Friday, September 1, 2017

Baby, What a Big Surprise









It's Friday morning, and we're sitting in our hotel trying to sort through what's happened this week. It all started on Monday morning, when we walked into the government office that handles adoptions here. This is where we would see Mary's file for the first time, and request a referral to meet her.

The first thing we learned was that Mary wasn't where we thought she was. We hoped and believed she was still at her baby house; but alas, she has already been transferred. Her new home is a special needs institute for boys and girls aged 4 - 18. Some are only mildly disabled, others profoundly so. Most of them spent the summer at "camp"-- a nice word for a not-so-nice place where the children go so the institute staff can have a holiday. Mary and some other little ones were to be summoned back from camp a few days early, so we could meet her. The rest of the children would come back for the first day of school, September 1st.

The next thing we learned set our hearts spinning. While sifting through the foreign conversation in the office, we heard the dreaded word "brat"-- brother. Unknown to anyone before now, Mary had a brother-- which meant that we might lose her. If the brother was available for adoption, then we might have two choices: take both, or take neither. They would not split up brother and sister for foreigners, even if the siblings had never met.

The next while was a bit tense, to say the least. Our lawyer hustled us out of the office so that the officer could investigate the brother's situation. Our facilitation team also investigated, calling its contacts in Mary's region. We had minutes to decide what we would do if the brother was available. How could we take both, when we didn't have a bedroom for a boy?

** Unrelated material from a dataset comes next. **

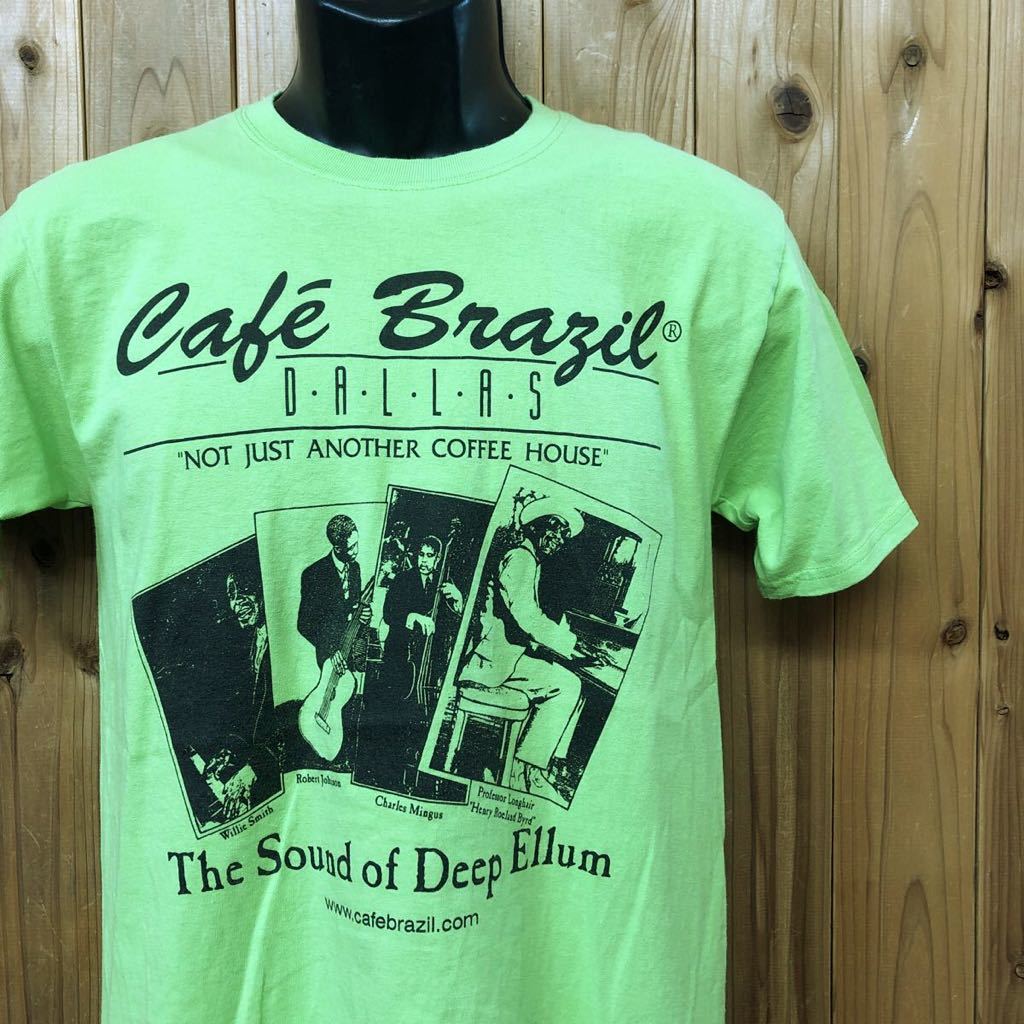 Hanes◇ヘインズ プリントTシャツ 半袖Tシャツ トップス カットソー cafe brazil バンドTシャツ アメカジ USA古着 メンズS_画像1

Imagine our relief when we got the news: the brother had already been adopted. They are happy to split siblings for natives, just not for foreigners. We went back into the meeting thinking, "Problem solved"-- only to learn that Mary had another brother!

The good news was that this second brother didn't seem to be "in the system," which meant that he probably wasn't available for adoption. Our facilitators seemed satisfied with this; but it was cold comfort to us. We left our appointment not knowing for sure if we would ever meet Mary.

We spent the next 28 hours in a fog of the unknown. It was a time of praying and wondering. We had no news until Tuesday afternoon, when we went back to pick up the referral.

It was then that we heard, through unofficial office gossip, that the second brother had not been found in the system. We would hear no more until we reached the institute; for only the director there had Mary's full file. The files in the capital hold only bits and pieces, many of them wrong. It is a sad, broken system, and we were feeling its brokenness as we left with Mary's referral.

We headed out to region early Wednesday morning. A two-hour drive brought us to the director's office, where we finally got the straight dope. Mary's brothers were both younger than she, and came from a different father. The younger was adopted, and the older was with his father. So that issue was finally put to rest, 48 hours after we learned of it. It was the biggest relief of the day.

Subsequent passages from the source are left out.